Viscuse Paul V, Bartlett David J, Foley Thomas A, Michelena Hector I
Department of Internal Medicine, Mayo Clinic, 200 First Street SW, Rochester, MN, USA.
Department of Radiology, Mayo Clinic, 200 First Street SW, Rochester, MN, USA.
Eur Heart J Case Rep. 2018 Jul 11;2(3):yty077. doi: 10.1093/ehjcr/yty077. eCollection 2018 Sep.
We present a case that illustrates the diagnostic challenge of differentiating thrombus from tumour when confronted with a large left ventricular (LV) cardiac mass.

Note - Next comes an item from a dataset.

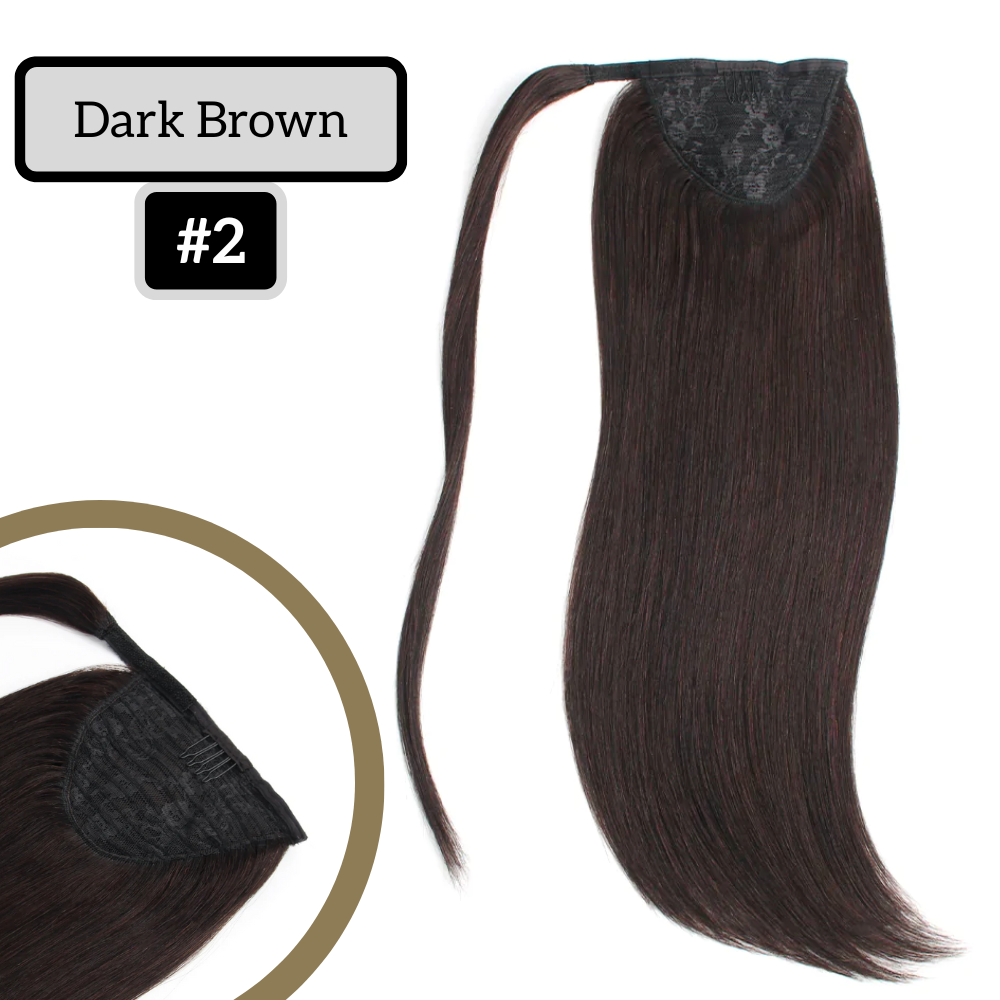 Ponytail Extension 16" Dark Brown #2-0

A 43-year-old Caucasian woman polysubstance-abuser presented to a regional hospital with an ST-elevation myocardial infarction and underwent aspiration-thrombectomy and successful circumflex artery bare metal stenting. She was noted to have an exuberant LV mass on transthoracic echocardiogram the following day and transferred to our care. Transthoracic echocardiogram, transoesophageal echocardiogram, and cardiac magnetic resonance imaging were performed in an attempt to characterize the mass with conflicting findings for either thrombus or tumour. The mass was surgically excised and final pathology indicated a fibrin-rich thrombus.
The association of the mass with an infarcted area of the left ventricle supported the diagnosis of thrombus. However, due to the size and some imaging features a myxoma could not be completely ruled out. Atypical presentations of thrombus can be difficult to differentiate from cardiac tumours.

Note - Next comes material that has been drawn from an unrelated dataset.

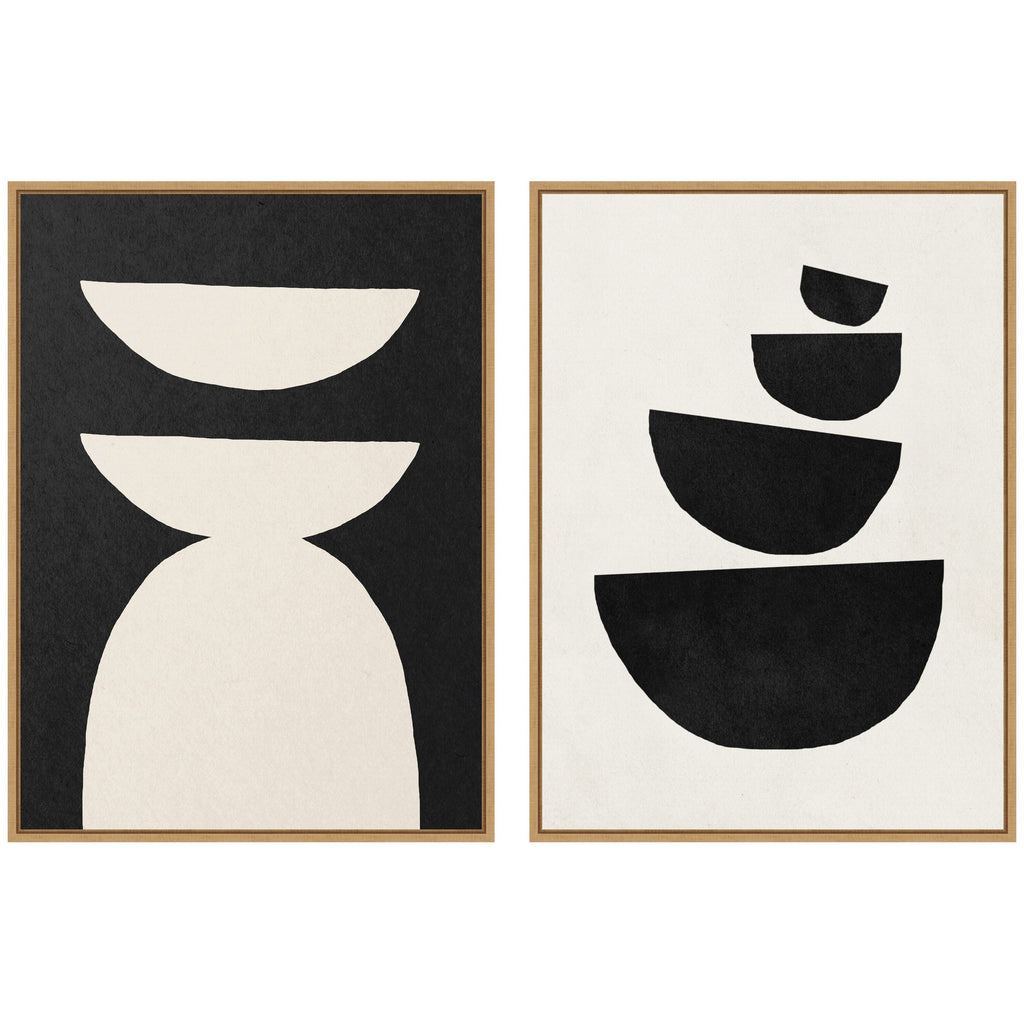 Sylvie White Geometric Abstract and Black Geometric Abstract Framed Canvas Art Set of 2 by July Art Prints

我们报告一例病例,该病例说明了在面对巨大的左心室心脏肿物时,鉴别血栓与肿瘤所面临的诊断挑战。
一名43岁的滥用多种物质的白人女性因ST段抬高型心肌梗死入住一家地区医院,接受了血栓抽吸切除术并成功进行了回旋支裸金属支架置入术。次日经胸超声心动图检查发现她有一个巨大的左心室肿物,随后转至我院治疗。为明确肿物性质,我们进行了经胸超声心动图、经食管超声心动图及心脏磁共振成像检查,结果对于肿物是血栓还是肿瘤存在相互矛盾的发现。该肿物经手术切除,最终病理显示为富含纤维蛋白的血栓。
肿物与左心室梗死区域相关支持了血栓的诊断。然而,由于肿物大小及一些影像学特征,不能完全排除黏液瘤。血栓的非典型表现可能难以与心脏肿瘤相鉴别。